Más que nunca tenemos que desconfiar en la humanitarización de esta política de la fragilidad, narrada a través de las imágenes emotivas de los camiones militares que llevan los cadáveres fuera de Bergamo porque ya no hay espacio en el crematorio local, o en las de Hart Island en el Bronx, donde se excavan fosas comunes para los cuerpos no reclamados. Las luchas migrantes nos enseñan que la imaginación humanitaria cubre la violencia colonial – y en este caso también el fascismo preventivo – a través del chantaje de la “crisis” y la retórica presentista por la cual “ahora no es posible pensar”. Durante años, el espectáculo fronterizo no nos ha dejado tiempo para pensar en las violencias de los espacios de “acogida”, las asimetrías de poder dentro de las estructuras de apoyo, y mucho menos las causas estructurales de esas migraciones; la pregunta más urgente era siempre “qué hacemos con lxs migrantes que llegan mientras tanto”? La misma pregunta hoy entraña la administración de los cuerpos de lxs enfermxs y de lxs muertxs, mientras que muchxs se rinden incondicionadamente a la tríade fascista “Dios, Patria y Familia”, sustituyendo Dios con la ciencia y medicina institucionales; así se pierde la capacidad de pensar colectivamente la asunción del riesgo dentro de las relaciones de amor, cuidado y solidaridad, y se entregan lxs enfermxs a los hospitales y al Estado, como si la fragilidad de los cuerpos fuera un mero hecho de administración técnica.
Mientras todxs esperamos, de una forma u otra, que la pandemia desaparezca en un suspiro, así como apareció, las fracturas políticas se van agudizando, incluso se redibujan y polarizan; pero otros lazos se van tejiendo, compartiendo rabia, miedo, ternura.
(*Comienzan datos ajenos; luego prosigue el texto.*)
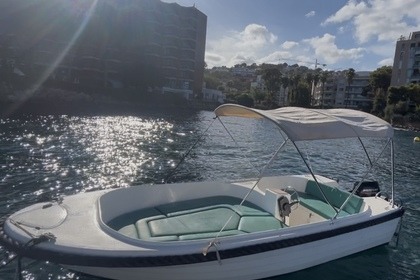 Rental Boat without license  Elan Pasara 490 Cas Català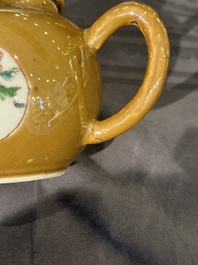 Collection vari&eacute;e en porcelaine de Chine famille rose et verte, 18/19&egrave;me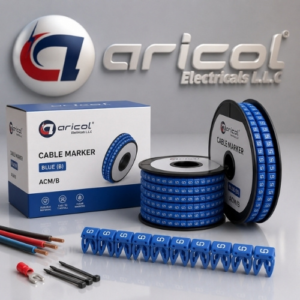 ARICOL CABLE MARKER COLOR BLUE (B)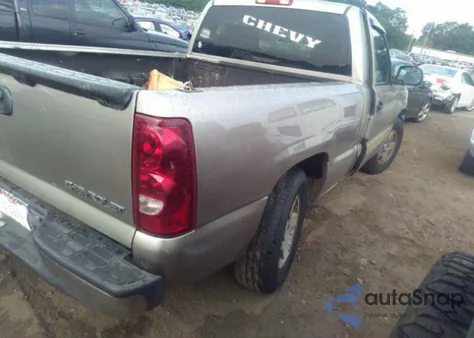 2003 Chevrolet Silverado 1500 Ls z USA, uszkodzony, nr VIN 1GCEC14T13Z155633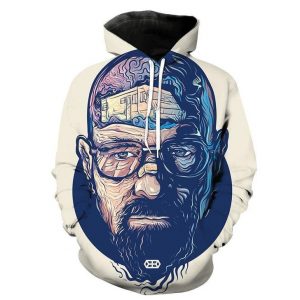 Breaking Bad 3D Printed Hoodie/Zipper Hoodie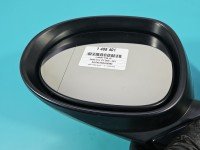 Lusterko lewe pin Honda Civic VIII UFO HB 5d kolor czarny B92P europa
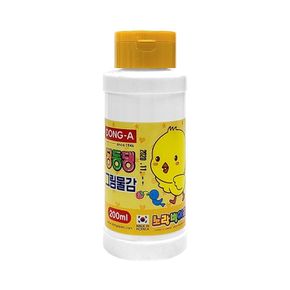 동아 단색물감 딩동댕물감 황토 200ml 12개입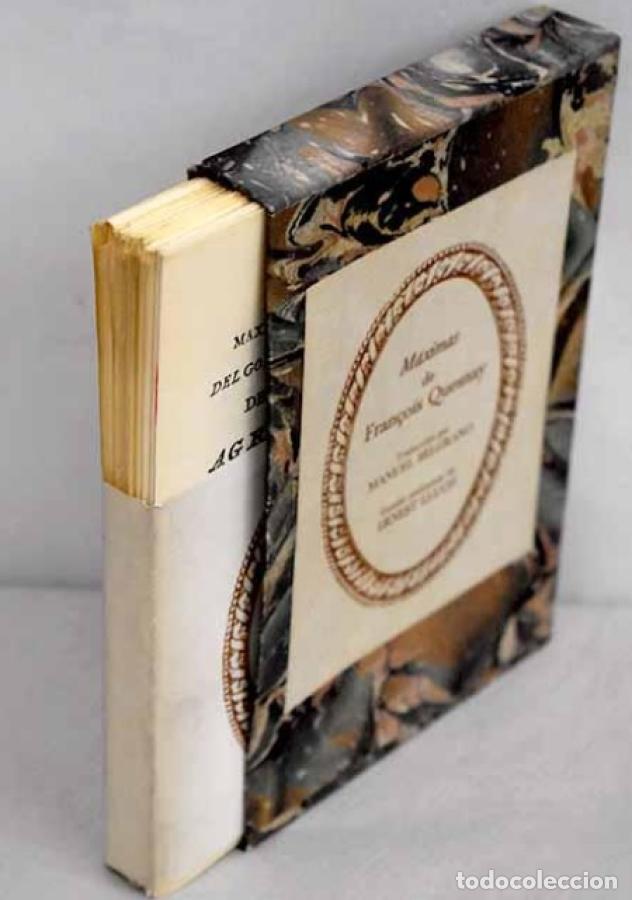 B&uuml;cher: MAXIMAS - FRANCOIS QUESNAY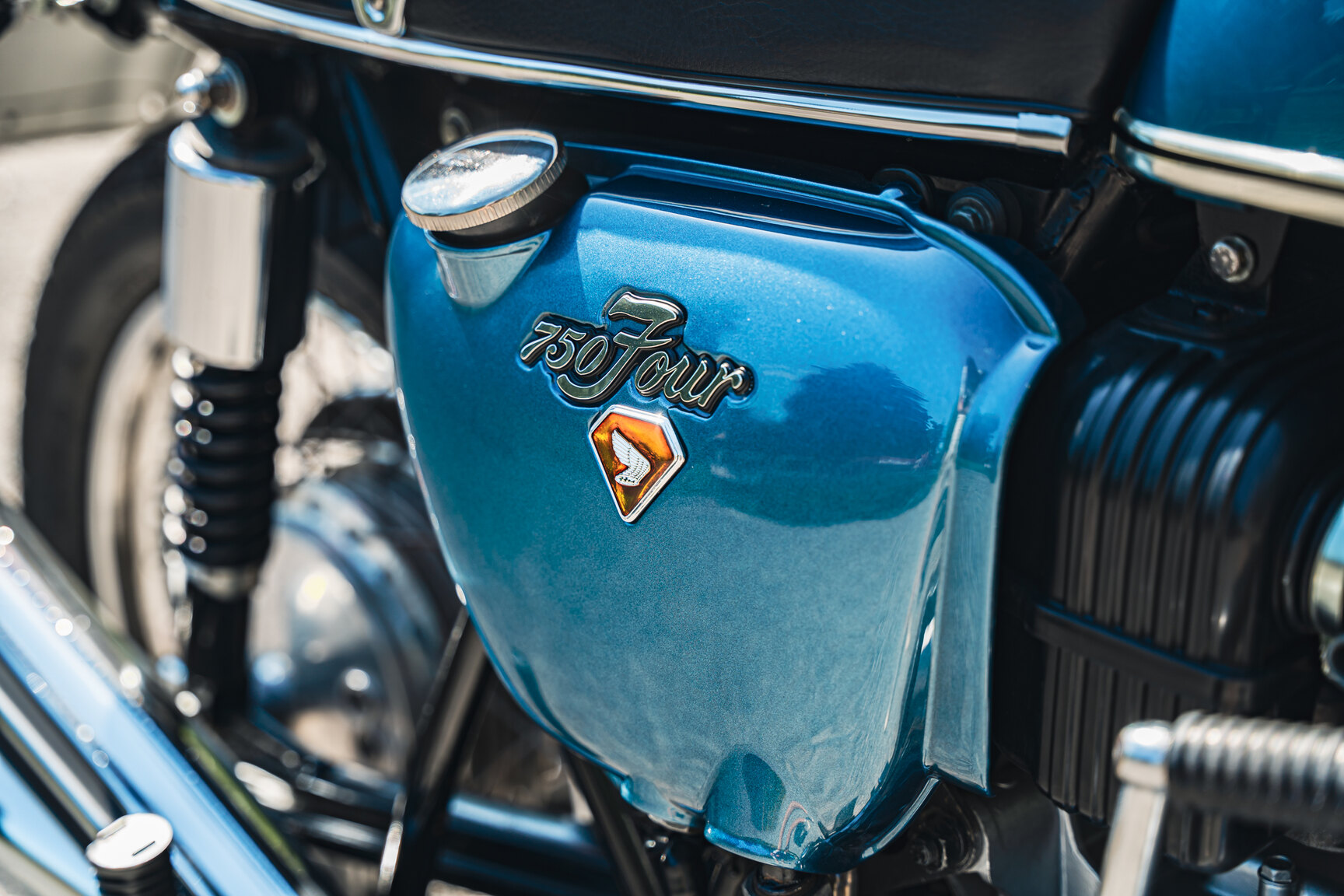 Exterior image of 1975 Honda CB 750 K2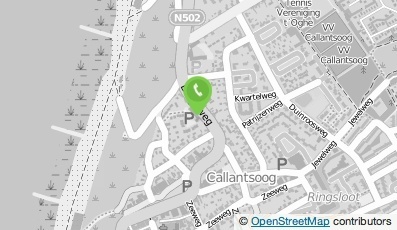 Bekijk kaart van de Seinpost vakantiehuisjes verhuur in Callantsoog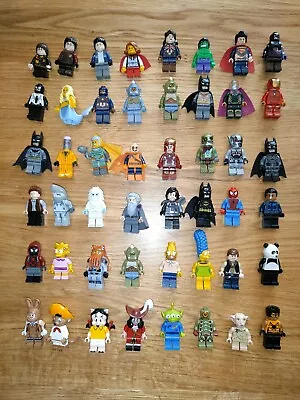 Buy Lego Mini Figures Bundle Job Lot • 16£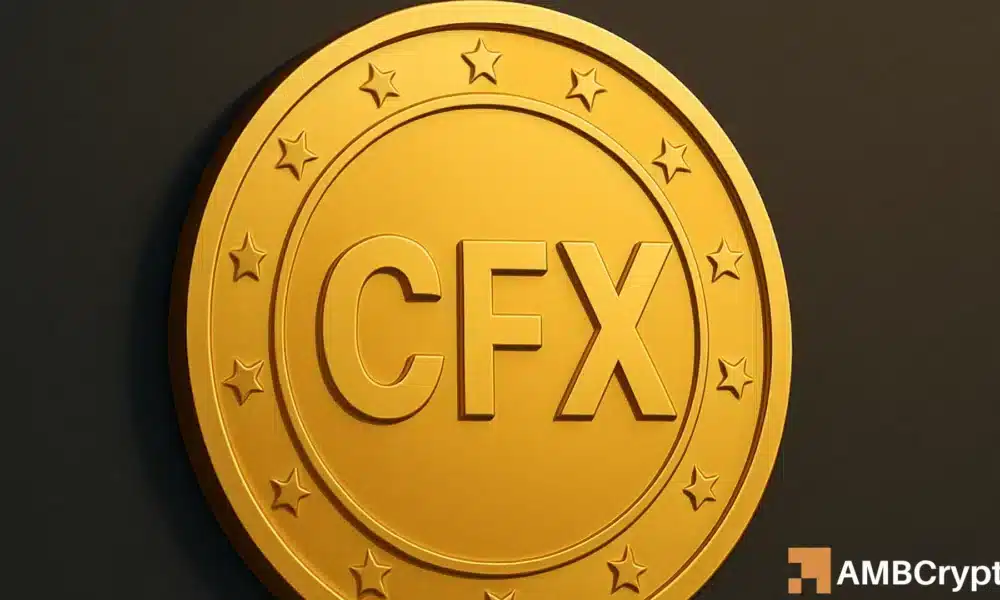Conflux 硬分叉触发 CFX 下跌 10% – 问题出在这里！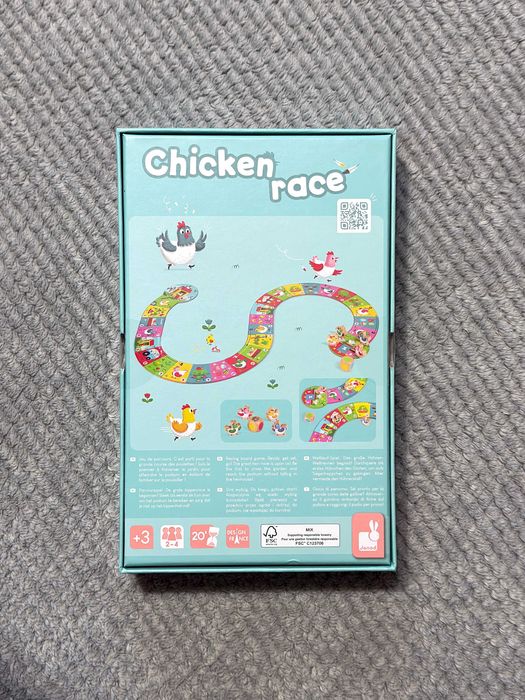 Gra planszowa chicken race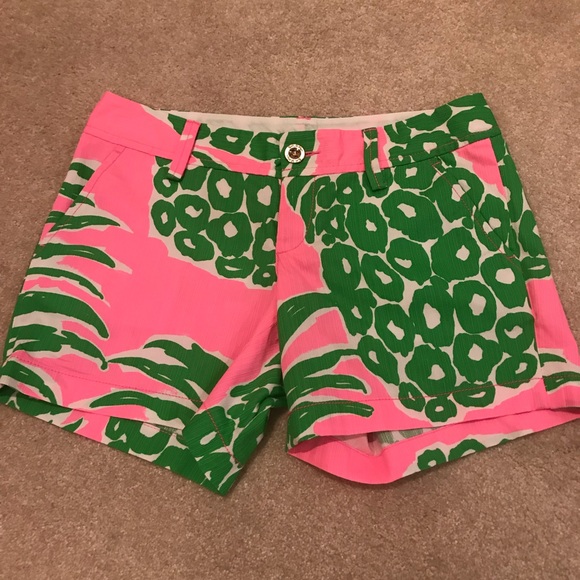 Never worn Lilly Pulitzer Callahan  shorts - Picture 1 of 4
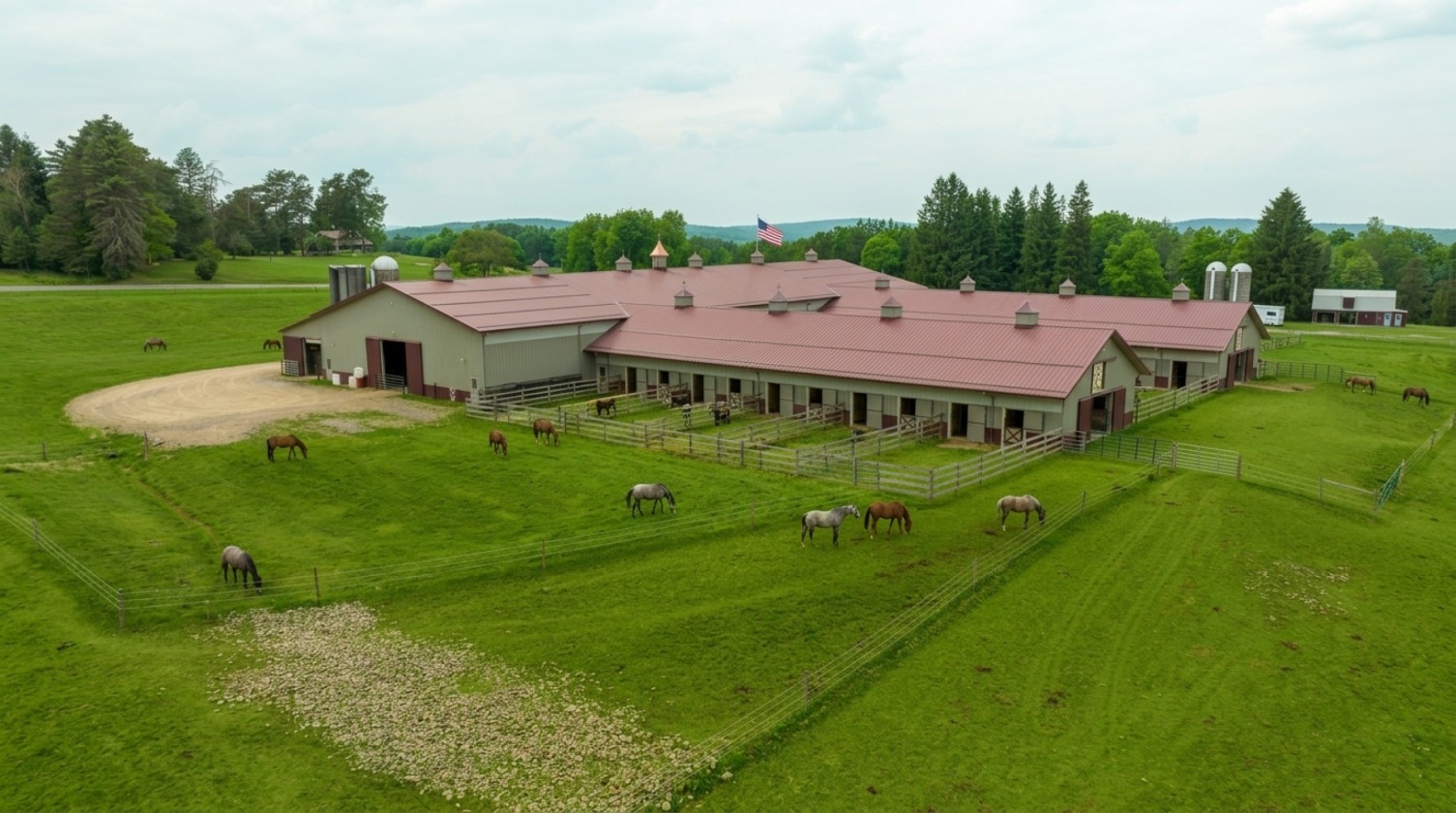 40 Stalls. 103 Acres. One Chance. Serenity Equine - photo 13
En los meses por venir me parece de prioridad absoluta aferrarnos a estos lazos, “ser bálsamo para muchas heridas”, como escribía Etty Hillesum en otros tiempos muy oscuros, pero hacerlo a partir de un horizonte político capaz de pensar los muchos ensamblajes y estratificaciones que nos hacen unxs dignxs de ternura y solidaridad mientras que otrxs no. Recurrir al estado estratégicamente, sí, para que provea ese mínimo de necesidades que a veces provee y a menudo no, según los cuerpos, las geografías y los momentos, pero no confiar nunca, ni por un solo minuto, en ese Estado feminicida, migranticida, extractivista y explotador que denunciábamos hasta ayer.